Qu'est-ce qu'on lui reproche ?

• La présomption d'absence de consentement a totalement disparu. Pour éviter de voir le texte retoqué pour inconstitutionnalité, le gouvernement a supprimé l'idée d'un âge minimum en dessous duquel un ou une mineure ne peut donner son consentement. "Sans présomption de non-consentement, ce sera toujours à la victime d'établir les preuves. Une simple précision de la définition de viol n'aidera en rien la victime", regrette Carine Diebolt, dans Libération. Avocate, elle a défendu la victime dans "l'affaire de Pontoise", un viol requalifié en atteinte sexuelle, à l'origine du débat sur l'âge du consentement.

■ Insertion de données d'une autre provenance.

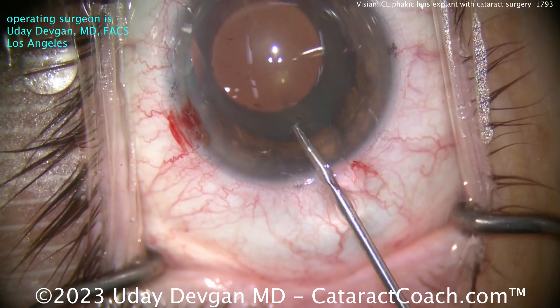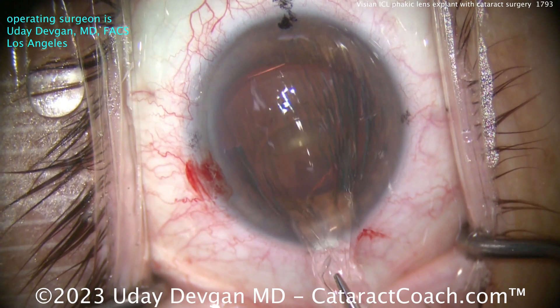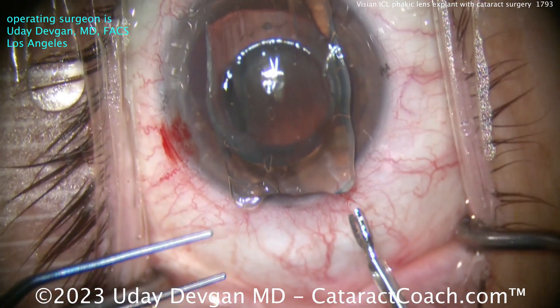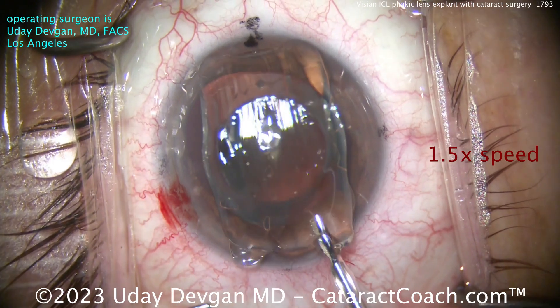Once you get that grasp, just retract and pull it out of the eye — you'll see it folds on itself. Place it on top of the cornea. Why place it there? To ensure that it's fully intact, that there are no broken off pieces stuck or left inside the eye. And that looks good.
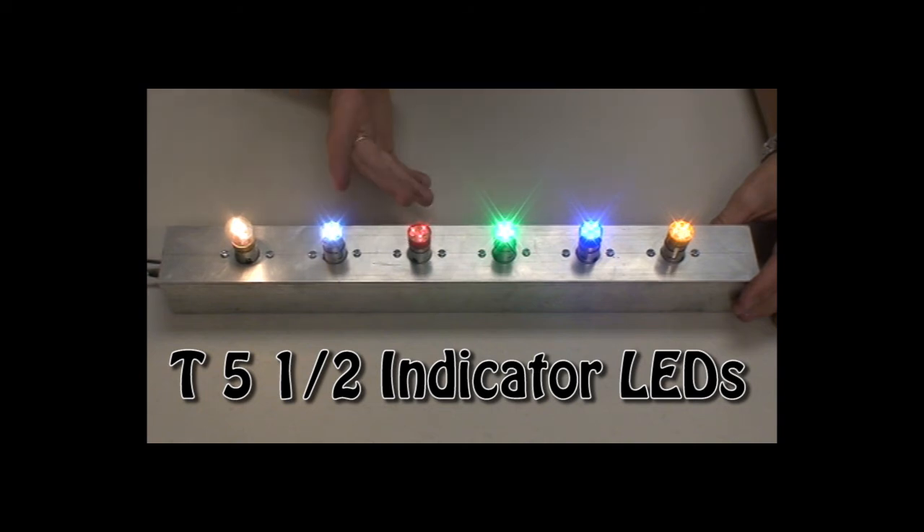These LEDs come in multiple different colors, as you can see. So you can go on our website and see all the specs and all the options we have for them. That's all I have for you today. Thanks for watching.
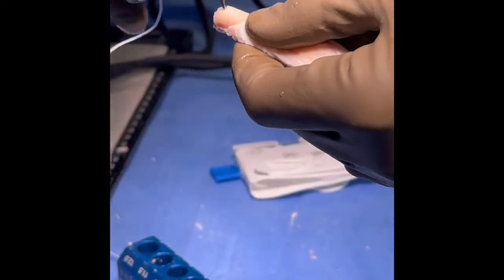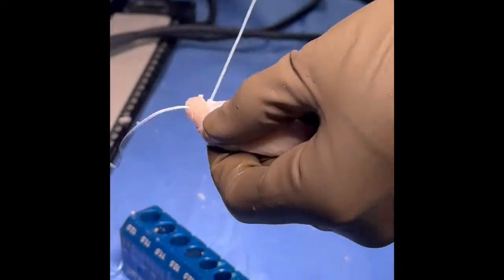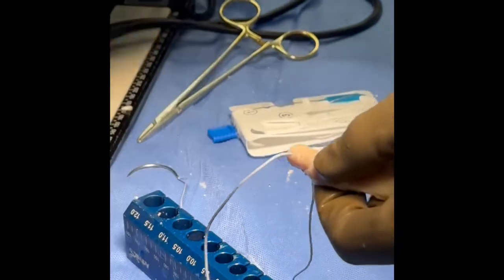We then pass non-absorbable suture through the two tibial drill holes.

• Un risque accru de "correctionnalisation des viols de mineurs". Les auteurs de la pétition intitulée "#LeViolEstUnCrime : retirez l'article 2" redoutent que le texte revienne à "correctionnaliser le viol sur mineur", c'est-à-dire à traiter le viol, qui est un crime, de la même façon qu'un délit. Pour les signataires, les magistrats, qui auront toujours des difficultés à montrer la "contrainte morale" ou la "surprise" dans les affaires de viol sur mineur, seront tentés de renvoyer l'affaire en correctionnelle pour éviter le classement sans suite. Ce passage en correctionnelle entraîne, selon les auteurs de la pétition, le risque de "minimiser la gravité du viol" et de "mettre en danger les enfants".

Que répond le gouvernement ?

• "Respecter les principes constitutionnels". "La philosophie est là", assure Marlène Schiappa, mais en "des termes qui respectent l'architecture de notre droit pénal et les principes constitutionnels". Devant la commission des lois, la secrétaire d'Etat a d'ailleurs estimé que le projet de loi permettait au gouvernement de "s'arrêter sur la solution la plus consensuelle et la plus acceptable, qui ne présente aucun risque d'inconstitutionnalité". Argument auquel le député LR Stéphane Viry a rétorqué : "Il faut savoir prendre parfois le risque de l'inconstitutionnalité, sinon les législateurs que nous sommes n'avanceraient plus."

• "Aucune volonté de correctionnaliser les crimes". Pour Youssef Badr, porte-parole du ministère de la Justice, les craintes des associations proviennent d'une "mauvaise compréhension du texte""Un viol et une atteinte sexuelle sont deux choses bien distinctes, il n'y a aucune volonté de correctionnaliser des crimes", défend-il. "Le fait d'augmenter la peine en cas d'atteinte sexuelle avec pénétration vise à sanctionner plus durement ces délits, pour rappeler l'interdit de relation sexuelle" entre un mineur de moins de 15 ans et un majeur.